Overall, and especially since the amendment of the Vienna Rules, VIAC encourages arbitrators and counsel to conduct arbitration in an efficient manner. Arbitral tribunals may consider counsels’ contribution to the conduct of an efficient proceeding in decisions on costs. Similarly, the General Secretary of VIAC may adjust the arbitrator’s fees by 40% because of “inefficient” or “especially efficient” conduct of the arbitration.
Especially relevant in the current pandemic and its effect on the economy, VIAC Rules provide that arbitral tribunals have the power to issue an order for security for costs if the respondent shows that recovering a potential claim for costs is at risk with a “sufficient degree of probability”.
Austrian Supreme Court Decision on Online Hearings
Under Austrian arbitration law, the arbitral tribunal may, unless otherwise agreed by the parties, convene at any place it considers appropriate for conducting proceedings, especially for deliberation among its members, making decisions, conducting oral hearings and taking evidence.
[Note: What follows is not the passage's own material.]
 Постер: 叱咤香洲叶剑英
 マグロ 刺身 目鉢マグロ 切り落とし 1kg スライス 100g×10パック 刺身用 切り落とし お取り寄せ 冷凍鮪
However, the admissibility or conditions for online hearings are not addressed.
In July 2020, the Austrian Supreme Court rendered a landmark decision clarifying that hearings may be conducted online even in case of an objection by a party. The reasoning of the decision finds that conducting a hearing via video conference does not per se violate the principles of fair treatment of the parties or the right to be heard as e.g. guaranteed by Article 6 of the European Convention on Human Rights (ECHR). Article 6 ECHR encompasses not only the right to be heard, but also the right to access to justice. Particularly in times of a pandemic, conducting proceedings via video conference allows to reconcile the right to be heard and the right to an effective access to justice. Online hearings are thus generally permissible.
Austrian Supreme Court Decision on Impartiality and Independence
Under Austrian arbitration law, an arbitrator may only be challenged if circumstances exist that give rise to justifiable doubts as to his impartiality or independence, or if he does not fulfil the conditions agreed to by the parties. The standard is objective. It is decisive whether circumstances exist that, from the point of view of a reasonable third party with knowledge of the relevant facts, could give rise to doubts as to the arbitrator’s independence or impartiality. The appearance of bias is sufficient. When assessing an arbitrator’s independence and impartiality, the Austrian Supreme Court applies a strict standard that is comparable to the standard applied by leading arbitral institutions such as the ICC.
In 2020, the Austrian Supreme Court rendered an important decision on the weight to be given to professional contacts between arbitrators and party representatives when assessing an arbitrator’s impartiality and independence. In the case decided by the Austrian Supreme Court, the arbitrator and party representatives that had nominated the arbitrator had several professional ties. Specifically, contacts had occurred in the course of the organisation of arbitration-related events and due to joint membership in arbitral institutions. The Austrian Supreme Court held that the usual involvement of arbitrators and counsel in professional circles does not in itself justify doubts regarding an arbitrator’s independence and impartiality.